Caption-style text data:
========================================

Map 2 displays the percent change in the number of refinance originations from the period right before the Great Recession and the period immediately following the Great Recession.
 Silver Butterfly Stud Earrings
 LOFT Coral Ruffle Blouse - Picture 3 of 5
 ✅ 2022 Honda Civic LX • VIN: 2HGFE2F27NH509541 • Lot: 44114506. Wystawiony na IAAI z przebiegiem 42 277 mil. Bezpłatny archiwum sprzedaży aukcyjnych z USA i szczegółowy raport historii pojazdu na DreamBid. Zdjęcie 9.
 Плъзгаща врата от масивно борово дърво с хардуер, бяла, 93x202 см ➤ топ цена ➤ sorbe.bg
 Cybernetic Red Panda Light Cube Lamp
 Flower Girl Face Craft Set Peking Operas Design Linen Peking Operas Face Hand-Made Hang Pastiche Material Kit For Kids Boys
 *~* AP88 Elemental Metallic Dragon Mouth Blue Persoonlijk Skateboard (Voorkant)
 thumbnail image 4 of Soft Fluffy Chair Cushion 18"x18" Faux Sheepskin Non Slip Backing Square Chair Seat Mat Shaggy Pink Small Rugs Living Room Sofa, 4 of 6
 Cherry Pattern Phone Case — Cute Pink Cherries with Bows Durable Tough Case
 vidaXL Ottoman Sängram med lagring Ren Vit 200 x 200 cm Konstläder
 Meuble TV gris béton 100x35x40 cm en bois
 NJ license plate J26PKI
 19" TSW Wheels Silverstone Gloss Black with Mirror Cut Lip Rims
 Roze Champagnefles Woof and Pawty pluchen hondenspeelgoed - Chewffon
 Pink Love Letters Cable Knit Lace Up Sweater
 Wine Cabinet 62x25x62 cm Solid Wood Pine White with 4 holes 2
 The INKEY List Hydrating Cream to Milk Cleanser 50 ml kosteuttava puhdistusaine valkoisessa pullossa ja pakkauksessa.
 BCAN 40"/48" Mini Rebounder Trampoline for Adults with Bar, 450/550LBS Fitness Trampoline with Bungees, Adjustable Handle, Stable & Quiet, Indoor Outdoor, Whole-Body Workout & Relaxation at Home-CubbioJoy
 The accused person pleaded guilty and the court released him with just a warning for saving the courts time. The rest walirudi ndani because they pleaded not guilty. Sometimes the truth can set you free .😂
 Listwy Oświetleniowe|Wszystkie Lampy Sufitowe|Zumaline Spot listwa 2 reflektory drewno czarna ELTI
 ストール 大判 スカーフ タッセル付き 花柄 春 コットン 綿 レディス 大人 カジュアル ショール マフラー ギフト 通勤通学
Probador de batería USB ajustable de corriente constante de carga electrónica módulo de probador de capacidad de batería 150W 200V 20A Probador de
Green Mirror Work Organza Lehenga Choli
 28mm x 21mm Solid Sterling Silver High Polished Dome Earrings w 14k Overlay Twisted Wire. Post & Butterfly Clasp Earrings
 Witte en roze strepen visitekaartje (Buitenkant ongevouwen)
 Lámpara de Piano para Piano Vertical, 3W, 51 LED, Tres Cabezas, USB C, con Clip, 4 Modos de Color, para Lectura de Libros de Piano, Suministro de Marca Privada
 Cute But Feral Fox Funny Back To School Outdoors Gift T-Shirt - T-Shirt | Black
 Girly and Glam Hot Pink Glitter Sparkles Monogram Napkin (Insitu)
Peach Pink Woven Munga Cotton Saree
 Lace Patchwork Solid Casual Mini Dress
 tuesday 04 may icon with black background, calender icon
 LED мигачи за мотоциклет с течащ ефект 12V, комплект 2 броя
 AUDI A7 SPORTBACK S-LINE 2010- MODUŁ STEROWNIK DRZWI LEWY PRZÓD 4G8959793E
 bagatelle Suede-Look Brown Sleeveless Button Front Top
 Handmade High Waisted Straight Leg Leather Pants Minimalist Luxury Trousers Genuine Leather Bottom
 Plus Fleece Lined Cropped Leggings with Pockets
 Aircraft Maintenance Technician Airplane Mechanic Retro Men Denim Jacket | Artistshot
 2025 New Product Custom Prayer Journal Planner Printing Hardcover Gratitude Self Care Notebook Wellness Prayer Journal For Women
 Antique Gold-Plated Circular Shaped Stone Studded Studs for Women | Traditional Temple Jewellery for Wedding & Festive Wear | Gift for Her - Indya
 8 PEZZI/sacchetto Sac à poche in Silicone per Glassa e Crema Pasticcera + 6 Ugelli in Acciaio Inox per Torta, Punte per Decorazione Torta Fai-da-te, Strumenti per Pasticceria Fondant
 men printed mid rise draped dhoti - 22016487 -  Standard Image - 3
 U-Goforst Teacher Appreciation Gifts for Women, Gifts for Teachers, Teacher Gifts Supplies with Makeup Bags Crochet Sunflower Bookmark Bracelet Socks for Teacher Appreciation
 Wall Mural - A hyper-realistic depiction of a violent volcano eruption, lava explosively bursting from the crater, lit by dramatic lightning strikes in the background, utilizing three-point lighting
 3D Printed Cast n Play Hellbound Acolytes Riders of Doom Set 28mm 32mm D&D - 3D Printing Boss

========================================

EXERCISE GOAL: Retype the data. Every line must match the original exactly.

TASK OUTPUT:
Map 2 displays the percent change in the number of refinance originations from the period right before the Great Recession and the period immediately following the Great Recession.
 Silver Butterfly Stud Earrings
 LOFT Coral Ruffle Blouse - Picture 3 of 5
 ✅ 2022 Honda Civic LX • VIN: 2HGFE2F27NH509541 • Lot: 44114506. Wystawiony na IAAI z przebiegiem 42 277 mil. Bezpłatny archiwum sprzedaży aukcyjnych z USA i szczegółowy raport historii pojazdu na DreamBid. Zdjęcie 9.
 Плъзгаща врата от масивно борово дърво с хардуер, бяла, 93x202 см ➤ топ цена ➤ sorbe.bg
 Cybernetic Red Panda Light Cube Lamp
 Flower Girl Face Craft Set Peking Operas Design Linen Peking Operas Face Hand-Made Hang Pastiche Material Kit For Kids Boys
 *~* AP88 Elemental Metallic Dragon Mouth Blue Persoonlijk Skateboard (Voorkant)
 thumbnail image 4 of Soft Fluffy Chair Cushion 18"x18" Faux Sheepskin Non Slip Backing Square Chair Seat Mat Shaggy Pink Small Rugs Living Room Sofa, 4 of 6
 Cherry Pattern Phone Case — Cute Pink Cherries with Bows Durable Tough Case
 vidaXL Ottoman Sängram med lagring Ren Vit 200 x 200 cm Konstläder
 Meuble TV gris béton 100x35x40 cm en bois
 NJ license plate J26PKI
 19" TSW Wheels Silverstone Gloss Black with Mirror Cut Lip Rims
 Roze Champagnefles Woof and Pawty pluchen hondenspeelgoed - Chewffon
 Pink Love Letters Cable Knit Lace Up Sweater
 Wine Cabinet 62x25x62 cm Solid Wood Pine White with 4 holes 2
 The INKEY List Hydrating Cream to Milk Cleanser 50 ml kosteuttava puhdistusaine valkoisessa pullossa ja pakkauksessa.
 BCAN 40"/48" Mini Rebounder Trampoline for Adults with Bar, 450/550LBS Fitness Trampoline with Bungees, Adjustable Handle, Stable & Quiet, Indoor Outdoor, Whole-Body Workout & Relaxation at Home-CubbioJoy
 The accused person pleaded guilty and the court released him with just a warning for saving the courts time. The rest walirudi ndani because they pleaded not guilty. Sometimes the truth can set you free .😂
 Listwy Oświetleniowe|Wszystkie Lampy Sufitowe|Zumaline Spot listwa 2 reflektory drewno czarna ELTI
 ストール 大判 スカーフ タッセル付き 花柄 春 コットン 綿 レディス 大人 カジュアル ショール マフラー ギフト 通勤通学
Probador de batería USB ajustable de corriente constante de carga electrónica módulo de probador de capacidad de batería 150W 200V 20A Probador de
Green Mirror Work Organza Lehenga Choli
 28mm x 21mm Solid Sterling Silver High Polished Dome Earrings w 14k Overlay Twisted Wire. Post & Butterfly Clasp Earrings
 Witte en roze strepen visitekaartje (Buitenkant ongevouwen)
 Lámpara de Piano para Piano Vertical, 3W, 51 LED, Tres Cabezas, USB C, con Clip, 4 Modos de Color, para Lectura de Libros de Piano, Suministro de Marca Privada
 Cute But Feral Fox Funny Back To School Outdoors Gift T-Shirt - T-Shirt | Black
 Girly and Glam Hot Pink Glitter Sparkles Monogram Napkin (Insitu)
Peach Pink Woven Munga Cotton Saree
 Lace Patchwork Solid Casual Mini Dress
 tuesday 04 may icon with black background, calender icon
 LED мигачи за мотоциклет с течащ ефект 12V, комплект 2 броя
 AUDI A7 SPORTBACK S-LINE 2010- MODUŁ STEROWNIK DRZWI LEWY PRZÓD 4G8959793E
 bagatelle Suede-Look Brown Sleeveless Button Front Top
 Handmade High Waisted Straight Leg Leather Pants Minimalist Luxury Trousers Genuine Leather Bottom
 Plus Fleece Lined Cropped Leggings with Pockets
 Aircraft Maintenance Technician Airplane Mechanic Retro Men Denim Jacket | Artistshot
 2025 New Product Custom Prayer Journal Planner Printing Hardcover Gratitude Self Care Notebook Wellness Prayer Journal For Women
 Antique Gold-Plated Circular Shaped Stone Studded Studs for Women | Traditional Temple Jewellery for Wedding & Festive Wear | Gift for Her - Indya
 8 PEZZI/sacchetto Sac à poche in Silicone per Glassa e Crema Pasticcera + 6 Ugelli in Acciaio Inox per Torta, Punte per Decorazione Torta Fai-da-te, Strumenti per Pasticceria Fondant
 men printed mid rise draped dhoti - 22016487 -  Standard Image - 3
 U-Goforst Teacher Appreciation Gifts for Women, Gifts for Teachers, Teacher Gifts Supplies with Makeup Bags Crochet Sunflower Bookmark Bracelet Socks for Teacher Appreciation
 Wall Mural - A hyper-realistic depiction of a violent volcano eruption, lava explosively bursting from the crater, lit by dramatic lightning strikes in the background, utilizing three-point lighting
 3D Printed Cast n Play Hellbound Acolytes Riders of Doom Set 28mm 32mm D&D - 3D Printing Boss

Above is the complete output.